[AIM OF THE TASK]:
Across the whole listing, return each line exactly, with no images included.

[GIVEN INFORMATION]:
>>

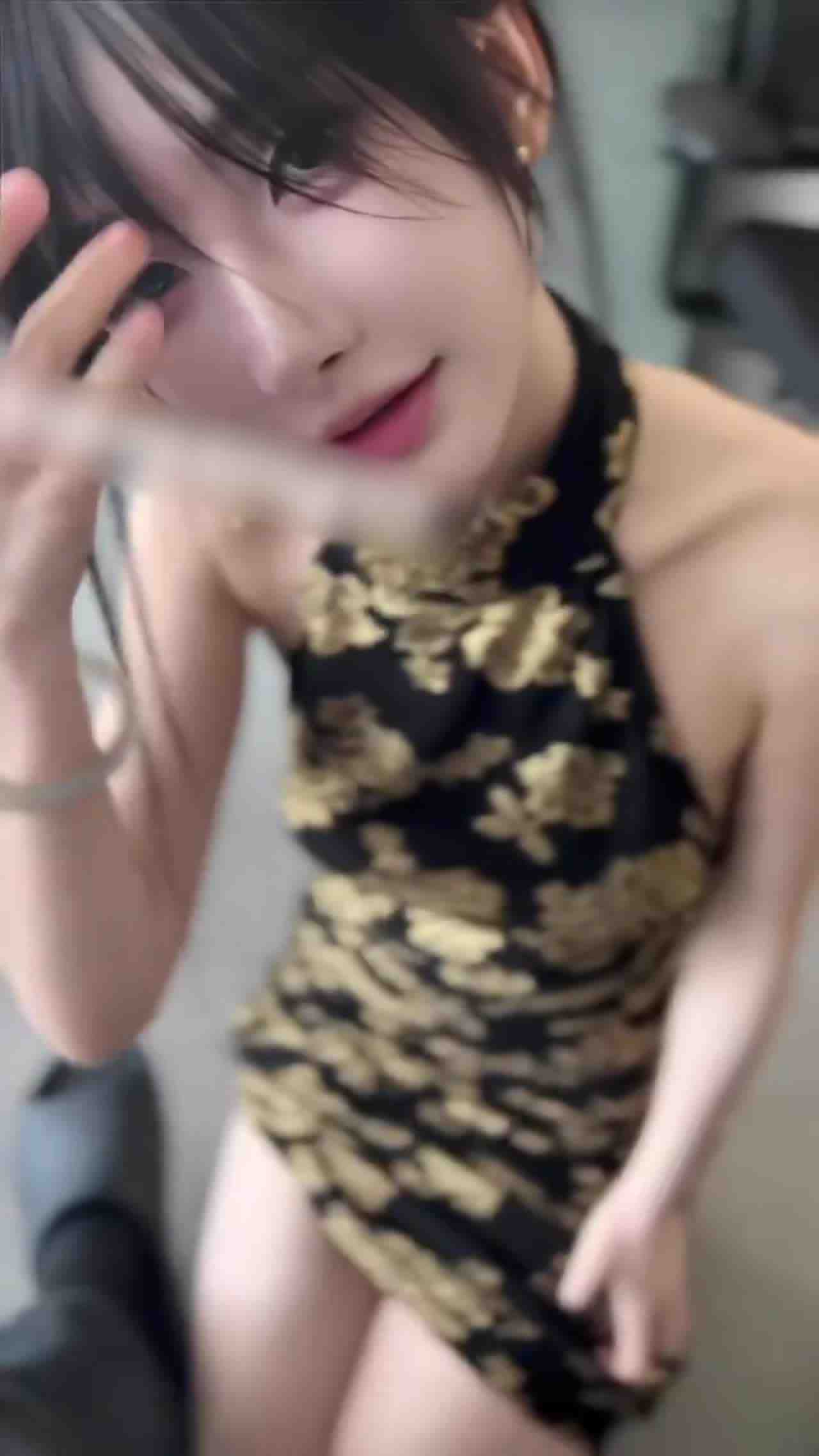  旗袍妹服侍大哥舔吸鸡巴 的剧照7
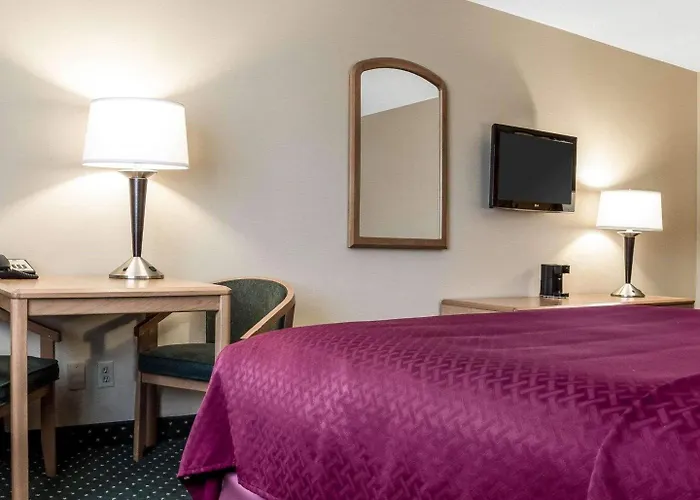 Travelodge By Wyndham Hotel Fargo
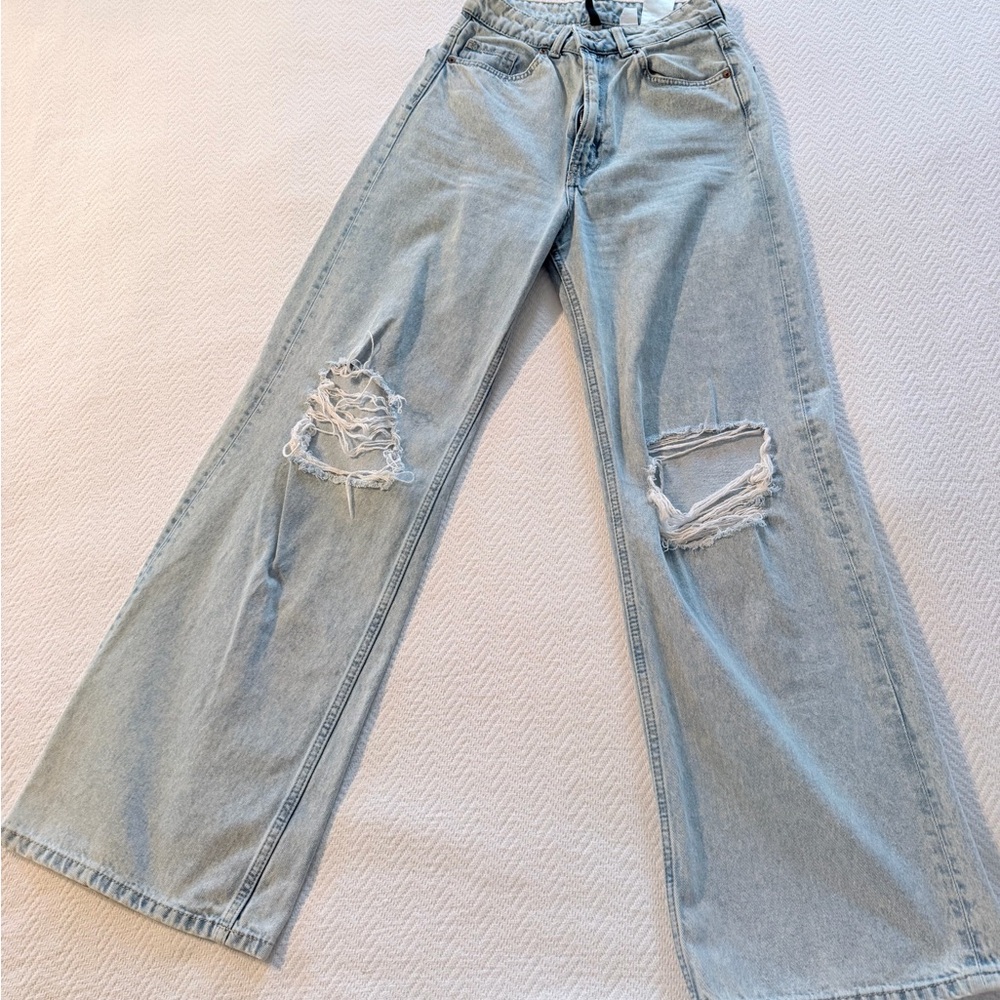 H&M Y2K Divided High Waist Light Blue Ripped Wide-Leg Jeans Size 4 Like New - Picture 2 of 9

<<

[EXERCISE RESULT]:
  旗袍妹服侍大哥舔吸鸡巴 的剧照7
 Travelodge By Wyndham Hotel Fargo
 H&M Y2K Divided High Waist Light Blue Ripped Wide-Leg Jeans Size 4 Like New - Picture 2 of 9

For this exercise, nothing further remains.